Start of DATASET

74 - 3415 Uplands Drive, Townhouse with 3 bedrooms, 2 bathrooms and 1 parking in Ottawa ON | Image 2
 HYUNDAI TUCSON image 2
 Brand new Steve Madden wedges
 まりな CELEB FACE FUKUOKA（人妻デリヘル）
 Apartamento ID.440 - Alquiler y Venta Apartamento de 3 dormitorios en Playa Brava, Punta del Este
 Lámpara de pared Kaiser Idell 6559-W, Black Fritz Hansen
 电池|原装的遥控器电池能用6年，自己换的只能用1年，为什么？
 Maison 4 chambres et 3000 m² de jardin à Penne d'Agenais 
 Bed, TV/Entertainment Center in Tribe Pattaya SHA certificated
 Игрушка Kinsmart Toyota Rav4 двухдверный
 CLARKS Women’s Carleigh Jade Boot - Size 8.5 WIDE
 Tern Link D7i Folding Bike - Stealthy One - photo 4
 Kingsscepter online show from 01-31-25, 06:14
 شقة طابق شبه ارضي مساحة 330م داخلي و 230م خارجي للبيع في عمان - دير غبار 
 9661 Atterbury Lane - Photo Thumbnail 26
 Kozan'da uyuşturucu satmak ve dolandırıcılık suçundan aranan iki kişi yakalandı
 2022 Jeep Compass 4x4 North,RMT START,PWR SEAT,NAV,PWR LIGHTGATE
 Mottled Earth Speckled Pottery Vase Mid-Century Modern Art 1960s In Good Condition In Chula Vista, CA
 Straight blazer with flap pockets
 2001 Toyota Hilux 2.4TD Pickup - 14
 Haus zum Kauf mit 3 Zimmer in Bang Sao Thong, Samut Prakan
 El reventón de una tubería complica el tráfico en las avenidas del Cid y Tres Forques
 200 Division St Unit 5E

End of DATASET

→ PROBLEM REQUIREMENTS: Copy all lines of the records that have the string "with" in them.

→ TASK SOLUTION:
74 - 3415 Uplands Drive, Townhouse with 3 bedrooms, 2 bathrooms and 1 parking in Ottawa ON | Image 2
 Straight blazer with flap pockets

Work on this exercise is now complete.